*What is needed*
Below are records that hold pictures; write out only the lines from their start through the line with "BALI Stalen buitentrap", exactly, and drop the pictures.
Given records Block Start
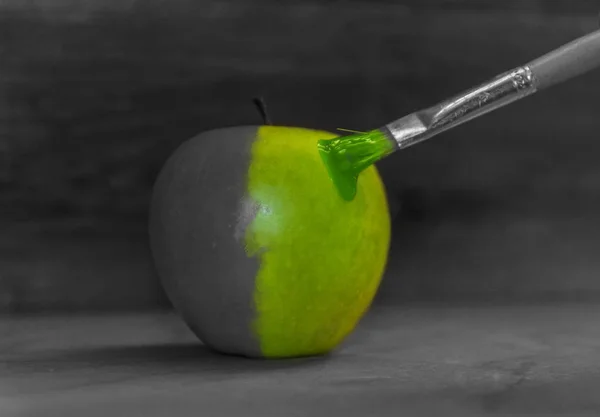 Concept Créatif Avec Pomme Verte — Photo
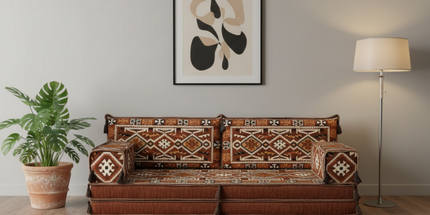 Arabic Loveseat Sofa – Brown Loveseat with 4 and 8 Inch Cushion Options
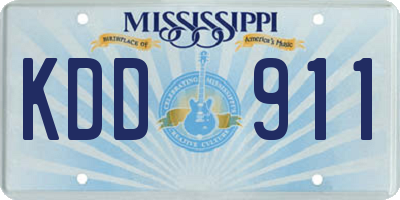 MS license plate KDD911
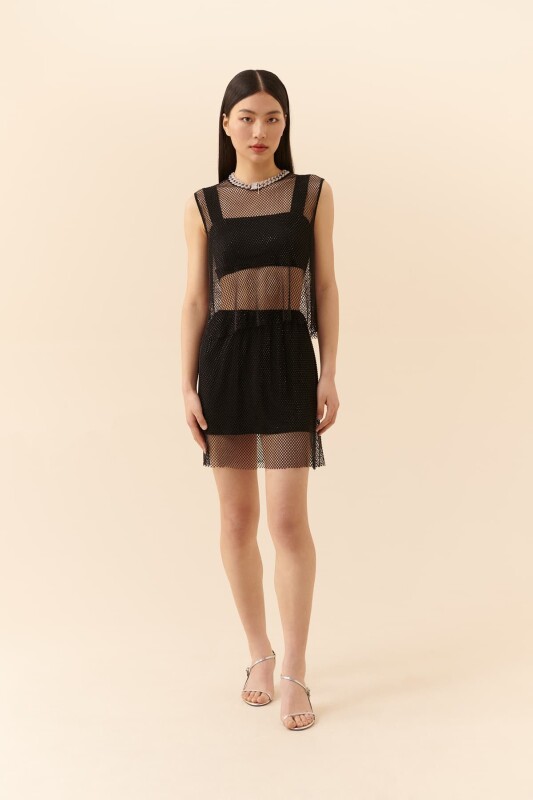 Tüllü Bluz Siyah - 1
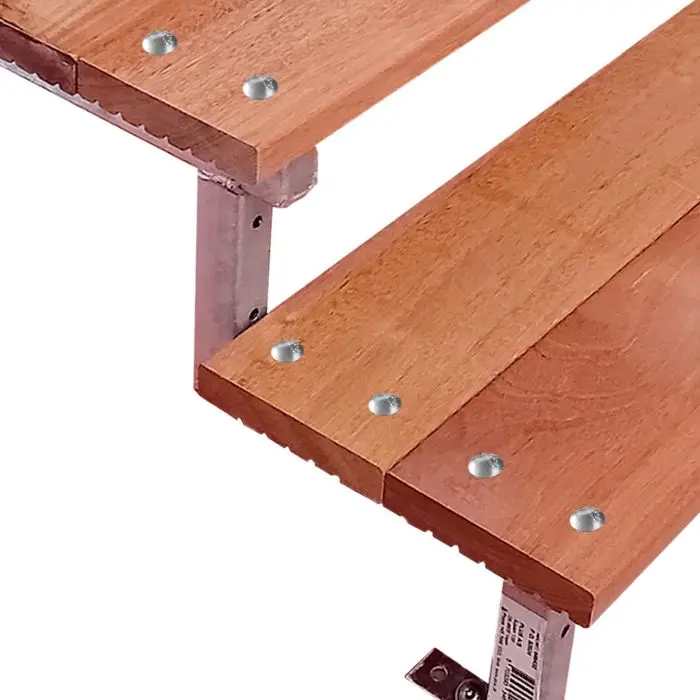 BALI Stalen buitentrap H71cm - 4 treden hardhout - breedte 160cm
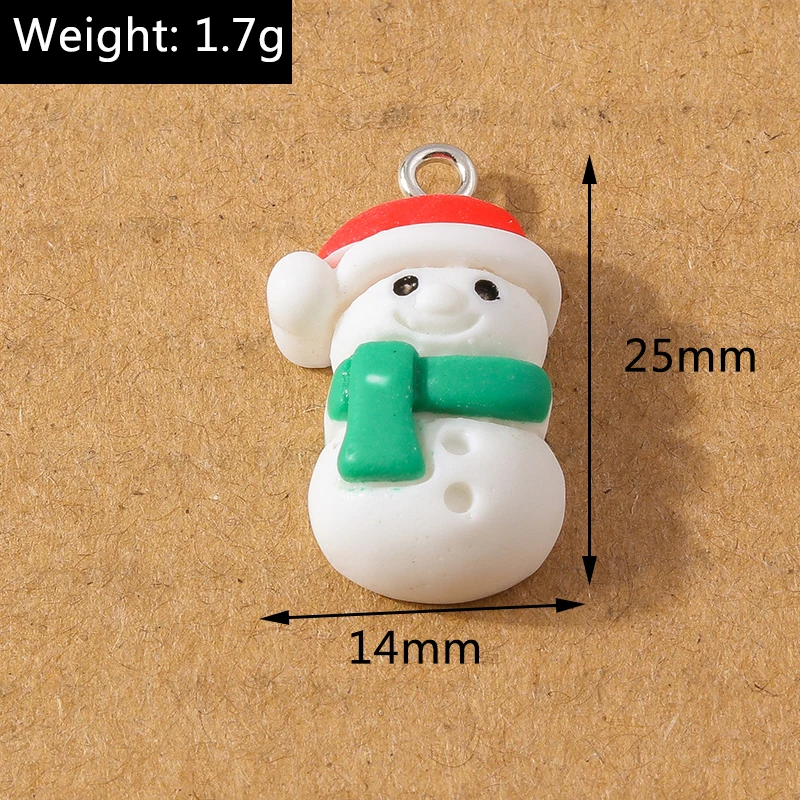 10 Stück Cartoon-Weihnachtsanhänger Schneemann Weihnachtsmann Hirsch Anhänger für die Herstellung von Ohrringen Halsketten DIY Weihnachtsgeschenk Schmuckzubehör – Detail 2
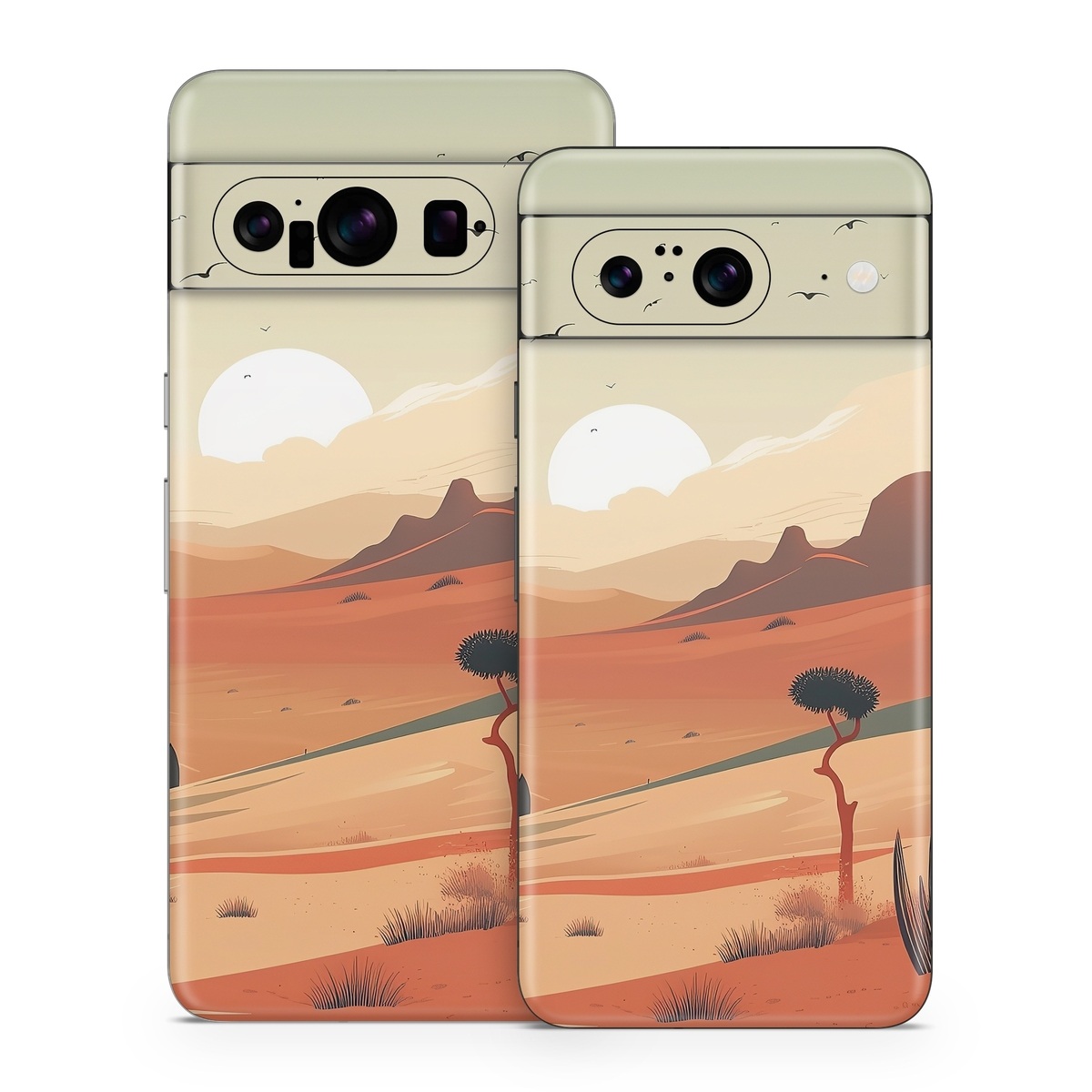 Google Pixel 8 Series Skin design of Sky, Bird, Ecoregion, Light, Nature, Cloud, Natural environment, Moon, Natural landscape, Biome, with orange, yellow, brown, green, white, black colors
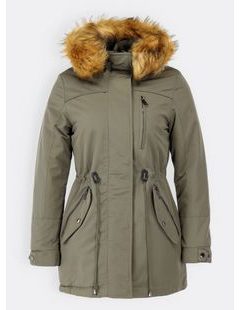 Dámská zimní bunda s kapucí khaki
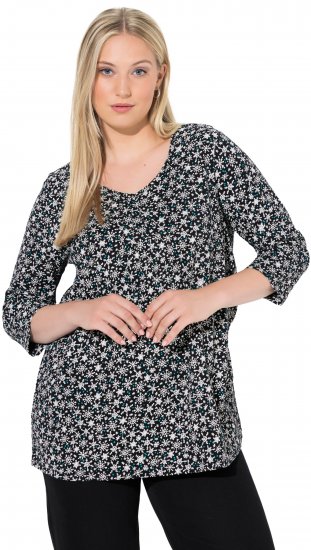 Ulla Popken Snowflake Print 3/4 Sleeve Tee Black - Μπλουζάκια -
Given records Block End
*Answer to the problem*
 Concept Créatif Avec Pomme Verte — Photo
 Arabic Loveseat Sofa – Brown Loveseat with 4 and 8 Inch Cushion Options
 MS license plate KDD911
 Tüllü Bluz Siyah - 1
 BALI Stalen buitentrap H71cm - 4 treden hardhout - breedte 160cm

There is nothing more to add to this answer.